6. Kapitel - Der wunderbare Empfang Mariens bei Elisabeth. Demut und Weisheit der Maria. Marias Heimkehr zu Joseph

6,1. Bei der Elisabeth angelangt, d.h. bei ihrem Hause, pochte sie gar bald schüchternen Gemütes an die Türe nach dem Gebrauche der Juden.

6,2. Als aber Elisabeth vernommen hatte das schüchterne Pochen, gedachte sie bei sich: „Wer pochet denn da so ungewöhnlich leise?

6,3. Es wird ein Kind meines Nachbars sein; denn mein Mann, der da stumm noch ist im Tempel und harret der Erlösung, kann es nicht sein!

6,4. Meine Arbeit aber ist wichtig; solle ich sie wohl weglegen des unartigen Kindes meines Nachbars wegen?

6,5. Nein, das will ich nicht tun, denn es ist eine Arbeit für den Tempel, und diese steht höher denn die Unart eines Kindes, das da sicher wieder nichts anderes will, als mich bekanntermassen necken und ausspötteln.

6,6. Daher werde ich fein bei der Arbeit sitzen bleiben und das Kind lange gut pochen lassen.“

6,7. Maria aber pochte noch einmal, und das Kind im Leibe der Elisabeth fing an vor Freude zu hüpfen, und die Mutter vernahm eine leise Stimme aus der Gegend des in ihr hüpfenden Kindes, und die Stimme lautete:

6,8. „Mutter, gehe, gehe eiligst; denn die Mutter meines und deines Herrn, meines und deines Gottes ist es, die da pochet an die Türe und besucht dich im Frieden!“ –

6,9. Elisabeth aber, als sie das gehört hatte, warf sogleich alles von sich, was sie in den Händen hatte, und lief und öffnete der Maria die Türe,

6,10. gab ihr dann nach der Sitte sogleich ihren Segen, umfing sie dann mit offenen Armen und sagte zu ihr:

6,11. „O Maria, du Gebenedeite unter den Weibern! Du bist gebenedeit unter allen Weibern, und gebenedeiet ist die Frucht deines Leibes!

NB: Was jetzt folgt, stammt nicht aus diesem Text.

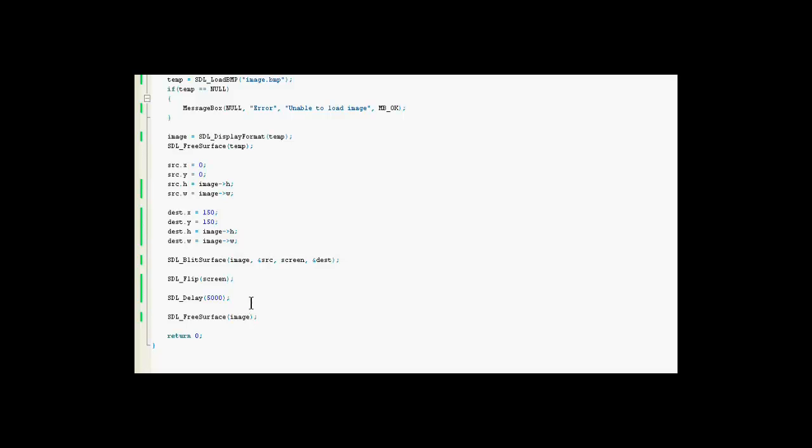And with that, just to clear up some memory, in a, I guess you could say, proper way. You use SDL free service to get rid of the image. And then we have our return zero statement.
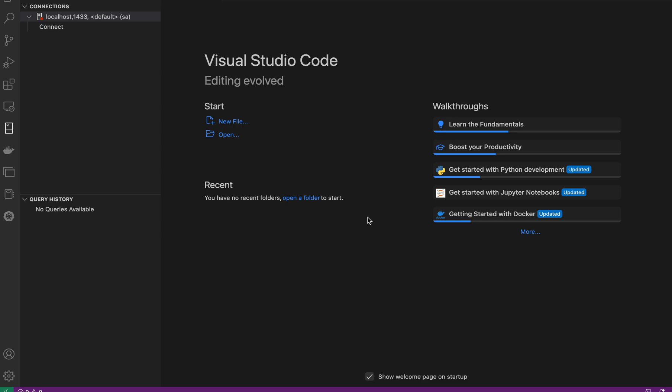Today we are going to learn how we can install SQL Server on Mac. We have always been using SQL Server on Windows systems, so today we are going to learn how we can install SQL Server on Linux and Mac machines.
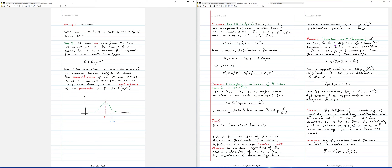What we want to talk about is the Central Limit Theorem. Before we get into Central Limit Theorem, we'll do a very quick review of what we did in the previous video. In the previous video, we were interested in heights of Trinidadians.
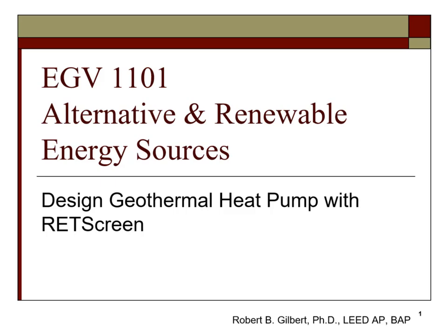Hello students and welcome to Topic 15 of Alternative and Renewable Energy Sources. The topic we will be covering is Designing Geothermal Heat Pumps with RETScreen.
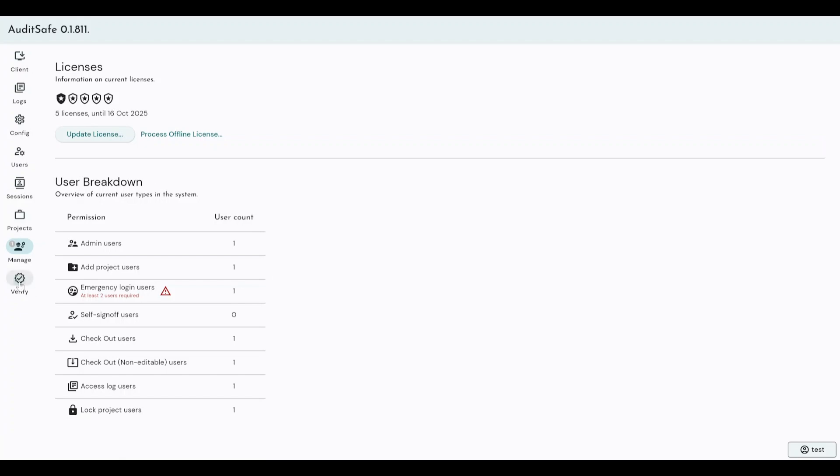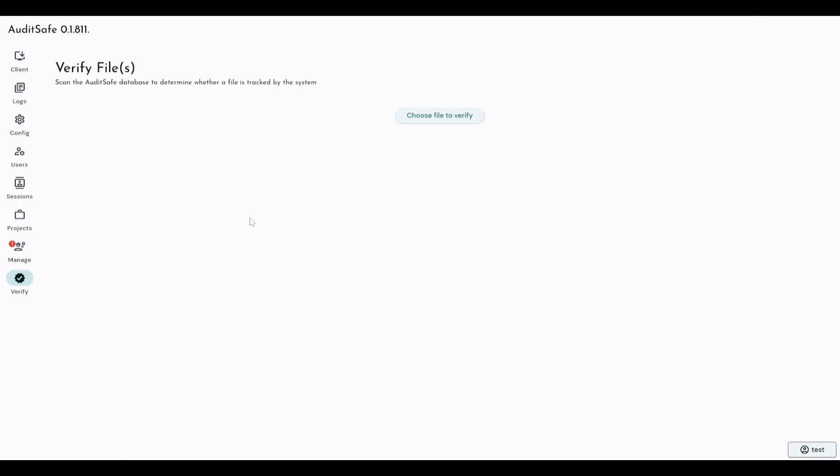And the verify tab is where you would perform file authentication to prove that a file has not been edited once it has left the system. Now, this file authorization file validation system, we're really proud of. So, say for example, if I had finished my analysis and I exported my report as a PDF, that PDF then leaves the Auditsafe regulated system as the final report. However, PDFs are difficult to edit, but not impossible to edit.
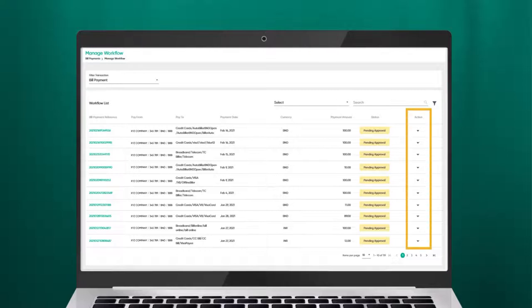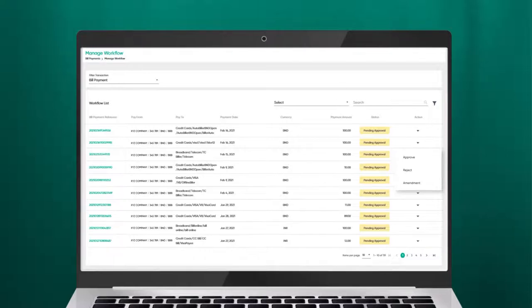Under the Action column, click on the drop-down arrow of the transaction you want to act upon. You will be given the option of approve, reject, or amend. Click Approve.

6,12. O Maria, du reinste Jungfrau Gottes! – Woher wohl kommt mir die hohe Gnade, dass mich die Mutter meines Herrn, meines Gottes besucht?!“

6,13. Maria aber, die nichts von all den Geheimnissen verstand, sagte zu Elisabeth:

6,14. „Ach liebe Muhme! – ich kam ja nur auf einen freundlichen Besuch zu dir; was sprichst du denn da für Dinge über mich, die ich nicht verstehe? – Bin ich denn schon im Ernste schwanger, dass du mich eine Mutter nennst?“

6,15. Elisabeth aber erwiderte der Maria: „Siehe, als du zum zweiten Male pochtest an die Türe, da hüpfte sobald das Kindlein, das ich unter meinem Herzen trage, vor Freude und gab mir solches kund und grüsste dich in mir schon zum voraus!“

6,16. Da blickte Maria auf zum Himmel und gedachte, was da der Erzengel Gabriel zu ihr geredet hatte, obwohl sie von all dem noch nichts verstand, und sprach:

6,17. „O Du grosser Gott Abrahams, Isaaks und Jakobs, was hast Du wohl aus mir gemacht? Was bin ich denn, dass mich alle Geschlechter der Erde selig preisen sollen?“

6,18. Elisabeth aber sprach: „O Maria, du Erwählte Gottes, trete in mein Haus und stärke dich; da wollen wir uns besprechen und gemeinschaftlich Gott loben und preisen aus allen unseren Kräften!“ 4. August 1843

6,19. Und die Maria folgte sobald der Elisabeth in ihr Haus und ass und trank und stärkte sich und ward voll heiteren Mutes.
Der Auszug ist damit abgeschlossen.